The book received high commendations from scholars, activists, non-profit organizations and governments, and was covered as part of a three part series on the CNN International primetime news program Connect the World with Becky Anderson.

=== Sex Trafficking: Inside the Business of Modern Slavery (2009) ===

Kara's first non-fiction book on contemporary slavery, Sex Trafficking: Inside the Business of Modern Slavery, was published by Columbia University Press in January 2009. The book won the 2010 Frederick Douglass Book Prize, given to a nonfiction book on the subject of slavery and/or abolition movements.

The book has been recommended by the Under-Secretary-General of the United Nations and head of the United Nations Office on Drugs and Crime. It has been lauded by academics, policy-makers, and the press, with the Financial Times describing it as an "eloquent and campaigning book", and slavery experts heralding it as "groundbreaking" and the "best book yet on the enduring problem of modern-day slavery".

==Media==

Kara has appeared extensively in the media as an expert on modern slavery, including appearances on The Joe Rogan Experience, Fresh Air, CNN, Fox News, ABC News, and CNBC.

Kara is a regular contributor to The CNN Freedom Project: Ending Modern Day Slavery, CNN's initiative to expose modern-day slavery around the world and highlight the efforts being made to eradicate it.

==Academia==

===British Academy and University of Nottingham, UK===
In the summer of 2020, Kara was one of 10 experts and scholars awarded a Global Professorship by the British Academy. As part of the program he began an associate professor position with the Rights Lab and the School of Sociology and Social Policy at the University of Nottingham in October 2020.

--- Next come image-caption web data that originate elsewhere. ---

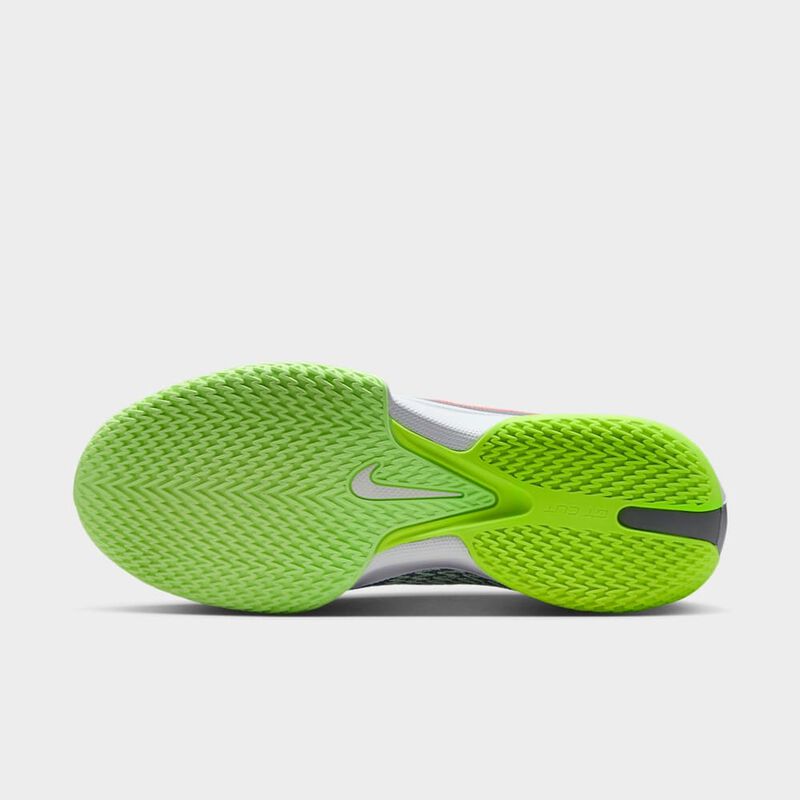 [Ljava.lang.String;@22fcd869 Nike GT Cut Academy, Gris, hi-res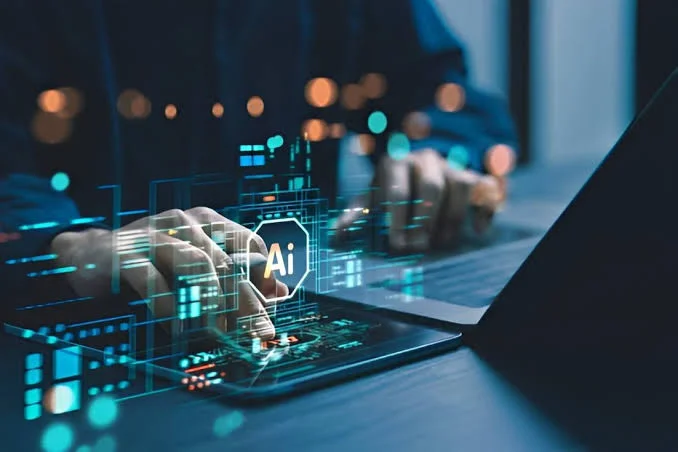 All You Need to Know About Veohentak: The Next Big Thing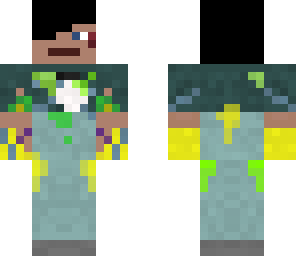 txcwst corporated worker 1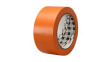764O50 [33 м] General Purpose Vinyl Tape 764i, 50mm x 33m, Orange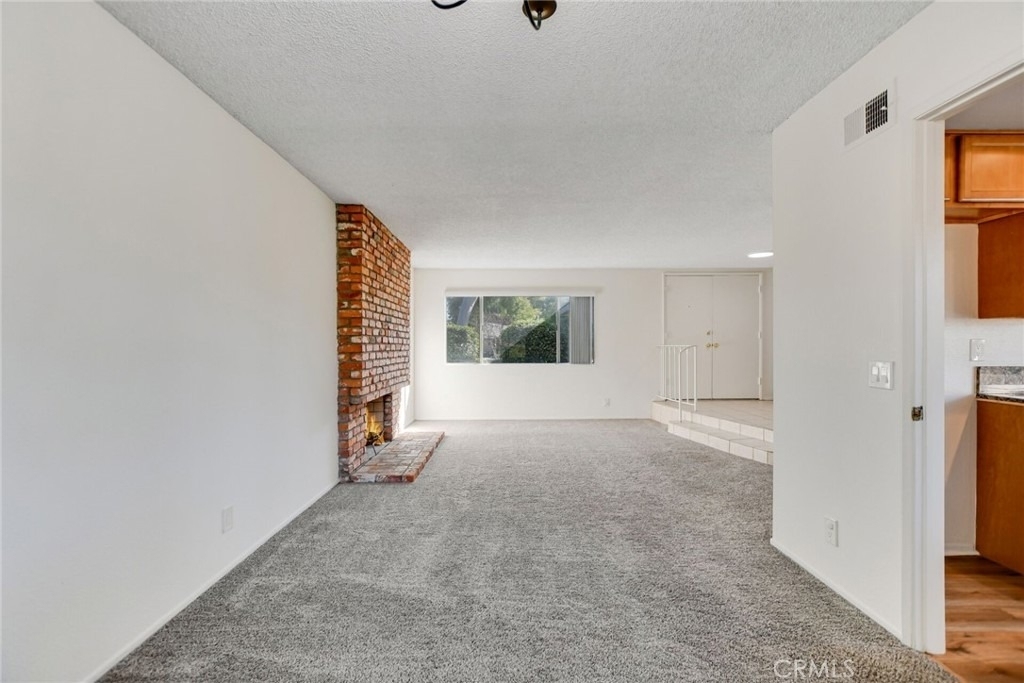 2785 Westfield Place - Photo 10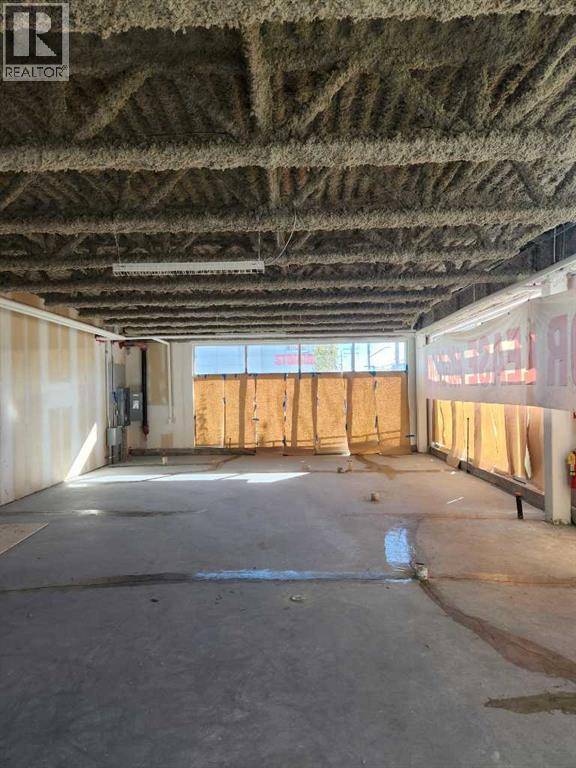 Calgary, AB T3B2T9,120, 60 Bowridge Drive NW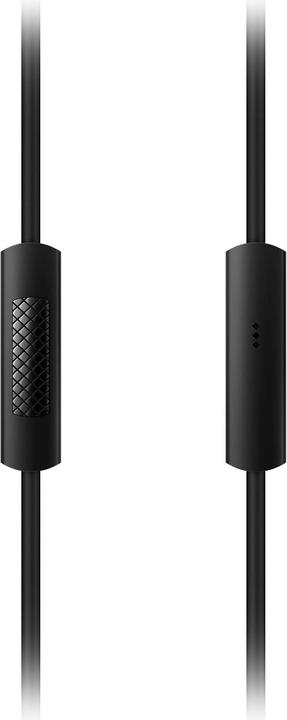 Produktbild Philips Shx50 (8 h, Kabelgebunden)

Kara's Global Professorship culminated in the August 2025 publication of the report Blood Batteries: The Human Rights and Environmental Impacts of Cobalt Mining in the Democratic Republic of the Congo.

===Harvard University===
In the fall of 2009, Kara became the first Fellow on Human Trafficking with the Carr Center for Human Rights Policy at the Kennedy School of Government at Harvard University. In the spring of 2012, Kara taught the first course on human trafficking at the Harvard Kennedy School. He also accepted a joint appointment as a visiting scientist on forced labor at the FXB Center for Health and Human Rights at Harvard School of Public Health. In the spring of 2013, Kara became an adjunct lecturer in public policy at the Kennedy School.

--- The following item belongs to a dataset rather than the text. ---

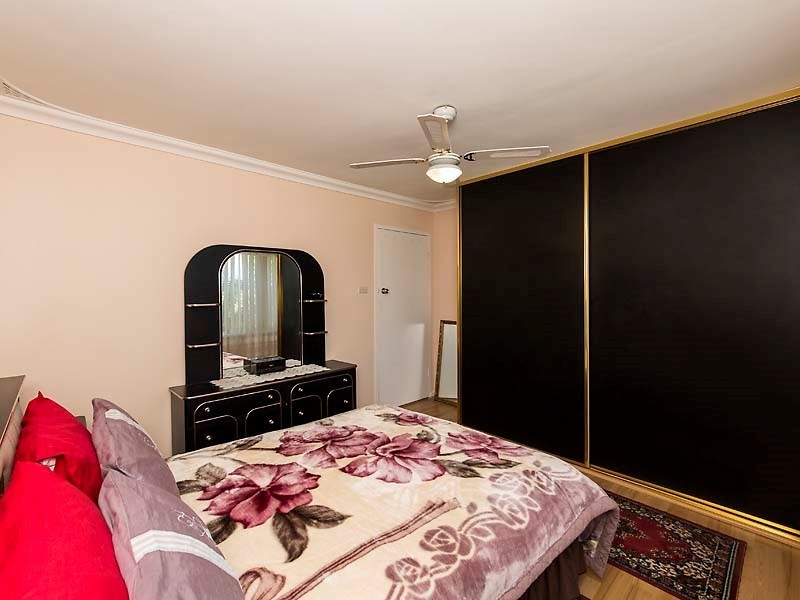 200 Jones Street, Balcatta WA 6021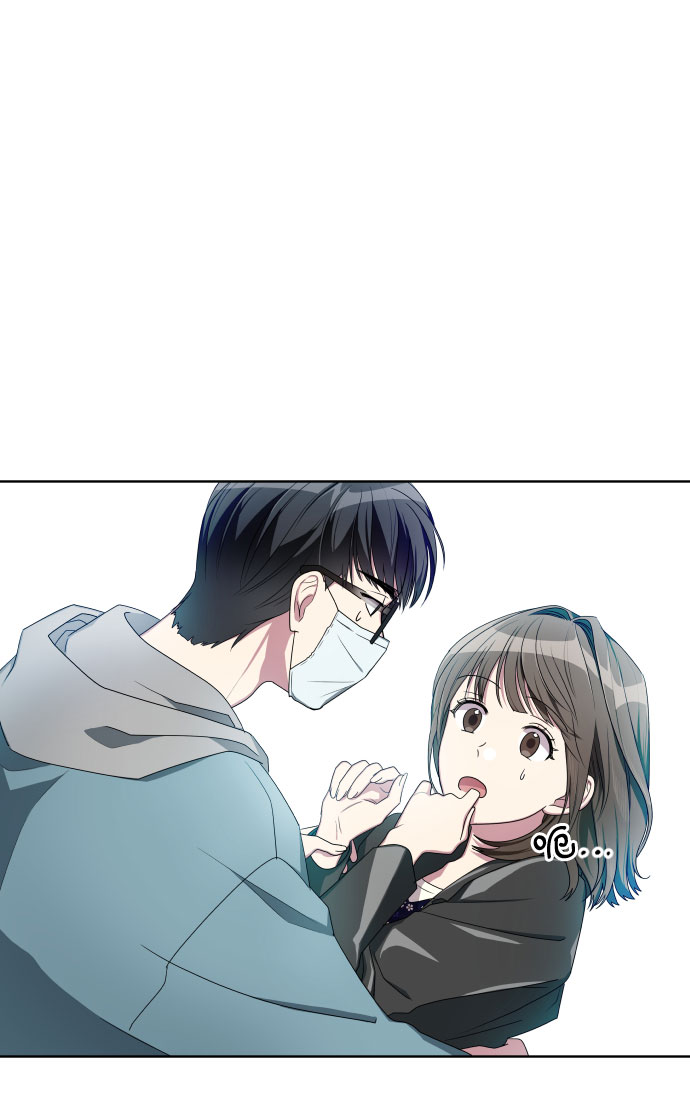 第8话35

===University of California, Berkeley===
In the spring of 2016, Kara became a lecturer on global poverty at the Blum Center for Developing Economies at the University of California, Berkeley, teaching the same course on slavery and trafficking that he taught later in the year at Harvard University.

==Personal==
Kara spends his time between Los Angeles and London. He is married to neuroscientist Aditi Shankardass.